The Great Depression – Living the reality
Gram and Pop married in April, 1927, just about two years prior to the Great Depression. At the time they were married, Pop worked at the Chevrolet plant and Gram had a job at Flint Mosaic Tile Company. They lived near many family members in Flint, Michigan which was a fairly large industrial city. The arrival of the auto industry was a huge boon to Flint, and Pop and many of his relatives spent their entire working careers in “the plant.” I would guess that they had a comfortable living
The newlyweds made their first home in an apartment upstairs from some friends. After a while they bought their first home which, according to Pop’s sister, was little more than a shack! The house was very small, and so to increase the size, Pop dug a basement by hand.
He began shoveling dirt out from under the foundation and hauling it away in a wheel barrow until he had created a dirt floored cellar, or what they called a “Michigan basement.” A Michigan basement is usually shallower than the normal basement and is considered a step up from a crawl space. It was common in older homes built with low foundations, and it was very popular in the roaring twenties when credit was easy and families wanted more room for storage. Sometimes the walls of the basement were reinforced with cement or cinder block, but I don’t think this young couple lived in the house long enough to upgrade!
I can only imagine how tedious the work was, and how long it must have taken to complete, but Pop and Gram were very proud of what he had accomplished.
The first child to join the family was my mother – Joyce Verla Pratt. She was born on 2 October 1929, and on October 29, 1929 the stock market crashed, officially beginning the Great Depression. I don’t suppose Pop and Gram immediately realized the effect the crash of the stock market would have on them, but it wasn’t long before they began to suffer the repercussions of that infamous day. On one visit to their home in probably in the winter of 1930, Pop’s father noticed that the house was cold. He questioned Gram and Pop and quickly realized that they simply had no money to buy coal to heat the house. Grandpa Pratt was very upset to realize that they were living like that, especially since they had a young daughter. He left and quickly arranged for a ton of coal to be delivered to their house.

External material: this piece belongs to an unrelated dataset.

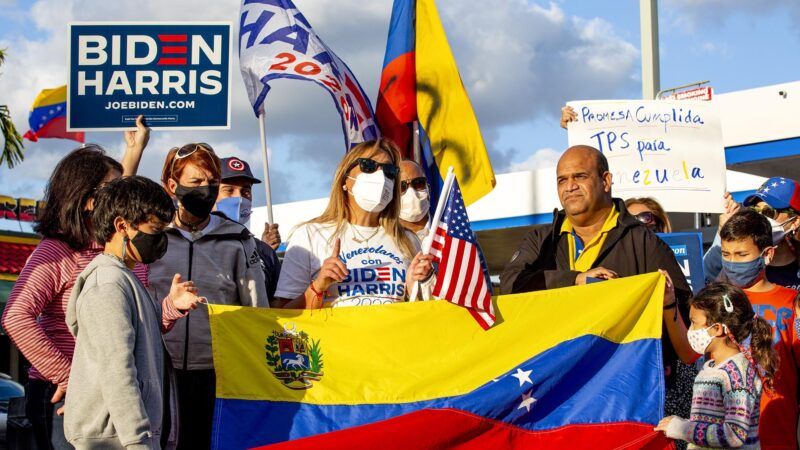 Venezuelans celebrating with flags and signs from the Biden/Harris Presidential campaign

Frank and Madalene had purchased this first home on a contract for less than $1000, but as the depression became worse, they knew they could not make their house payments. Pop was finally able to get rid of the house by paying a man about $100.00 to buy the contract from him. They felt fortunate to be able to do this so they did not have to declare bankruptcy and ruin their credit. During the year that they lost the house, Pop worked every day that any work was available and still made less than $600.
After relieving themselves of the debt of their house, Pop and Gram and little Joyce moved in with his parents. Located at 305 Stone Street, Grandpa and Grandma Pratt’s home was very near the auto plants and surrounding railroad tracks. In recent years, that area has deteriorated to the point of being unsafe even in the daytime, but in the early 1930s it was a neighborhood full of working class families living the American dream in homes of their own. The house was very modest, with just 3 little bedrooms and one bathroom and a small living/dining area. At the time they moved in, at least one of Pop’s sisters still lived at home, so the living conditions must have been very cramped. But in spite of the challenges I expect that they were grateful to have family willing to share their little home.